> Assigned task: In your copy, reproduce each entry exactly and include no picture.

> Brief descriptive captions:

------------

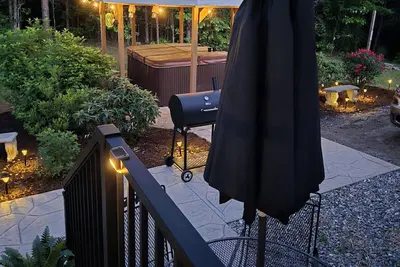 Image de New Private Cottage in Lake Lure w/ Gazebo & Firepit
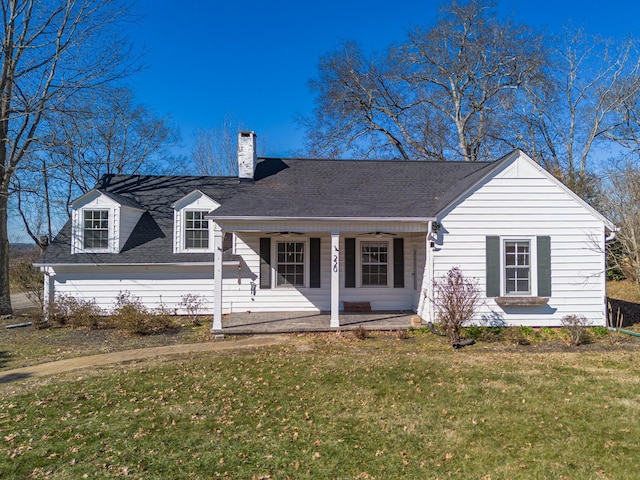 view of front facade featuring a porch and a front yard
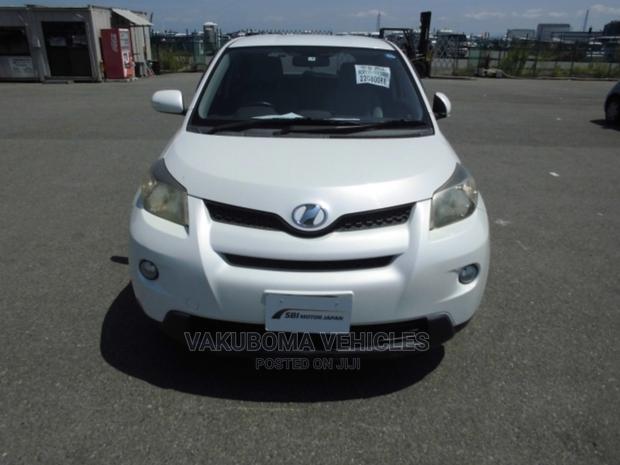Toyota IST 2008 White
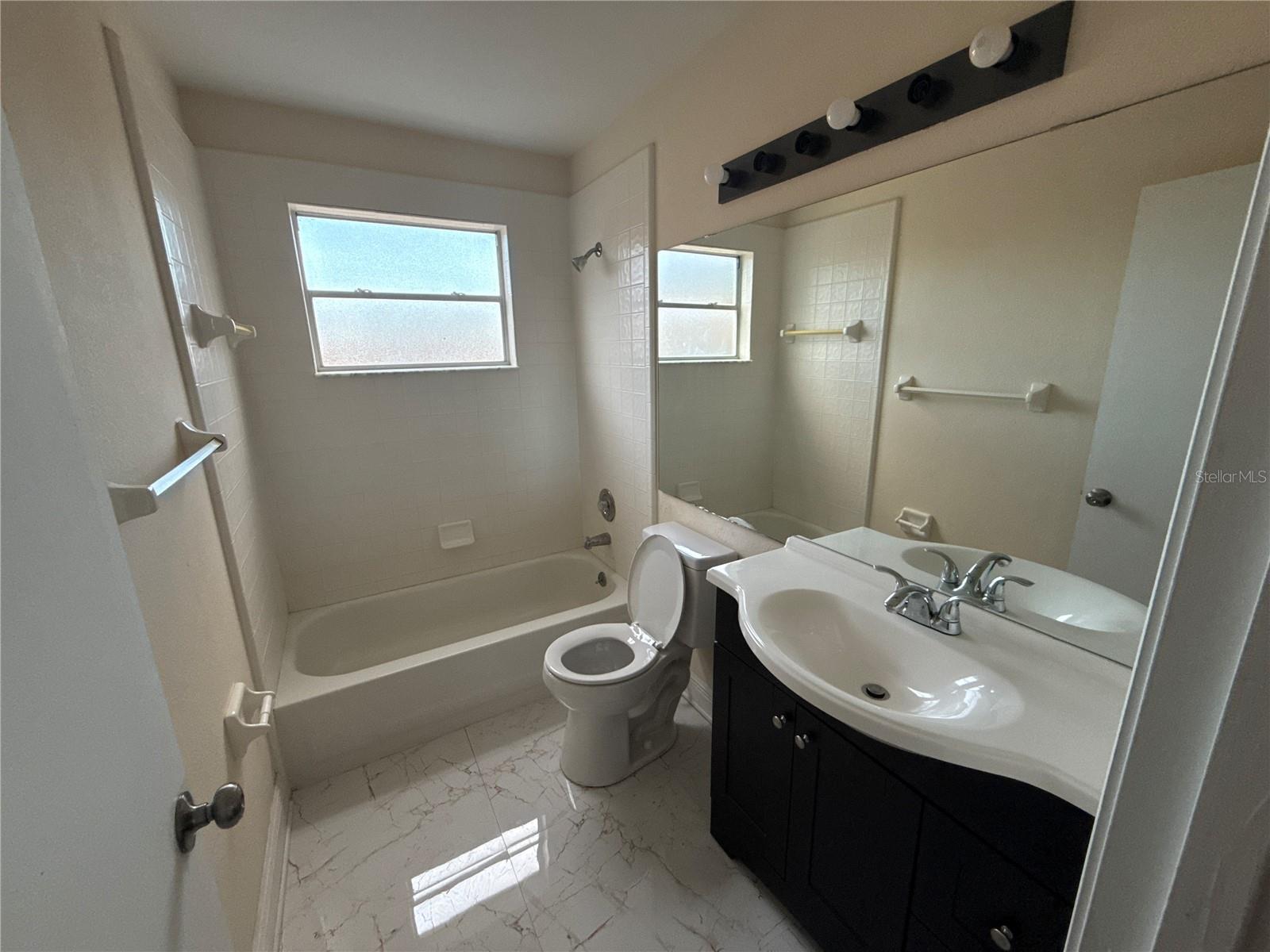 Image 18 of 28 For 605 Brightview Drive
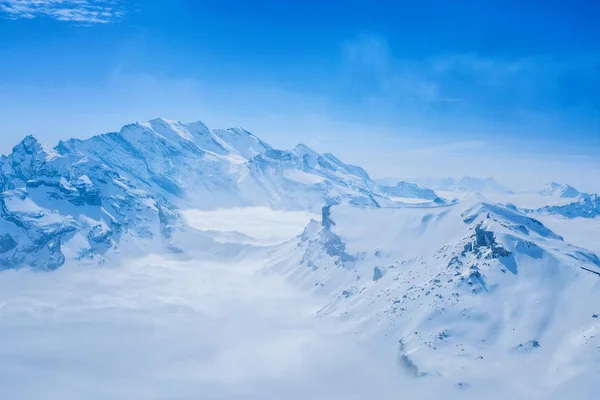 Impresionante Vista Panorámica Montaña Nieve Del Horizonte Suizo Desde Schilthorn —  Fotos de Stock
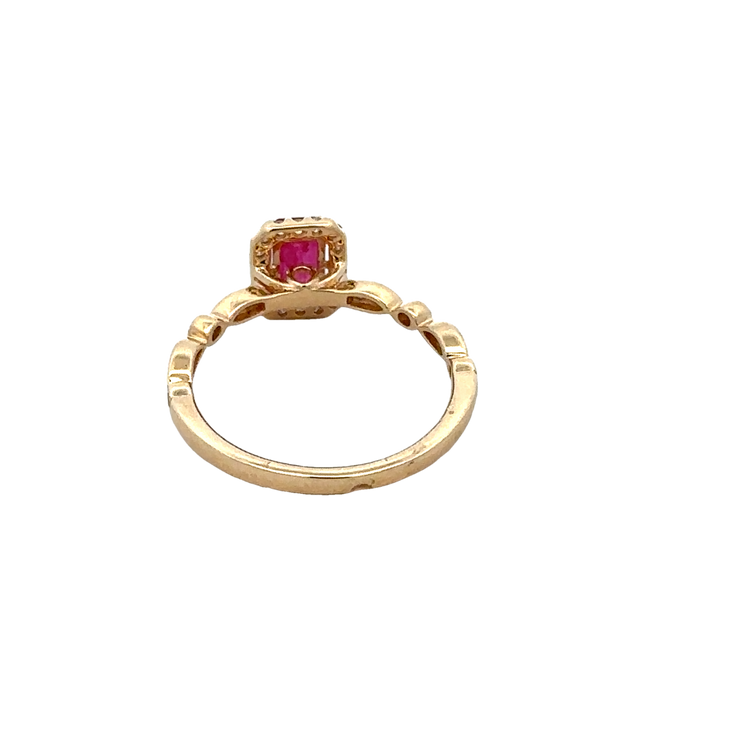 Ruby and Diamond Ring in Yellow Gold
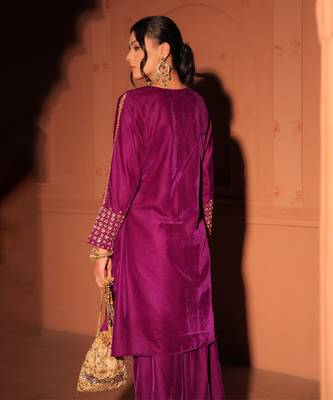 Plum purple velvet kurta set 3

------------

> Response below:
 Image de New Private Cottage in Lake Lure w/ Gazebo & Firepit
 view of front facade featuring a porch and a front yard
Toyota IST 2008 White
 Image 18 of 28 For 605 Brightview Drive
 Impresionante Vista Panorámica Montaña Nieve Del Horizonte Suizo Desde Schilthorn —  Fotos de Stock
 Ruby and Diamond Ring in Yellow Gold
 Plum purple velvet kurta set 3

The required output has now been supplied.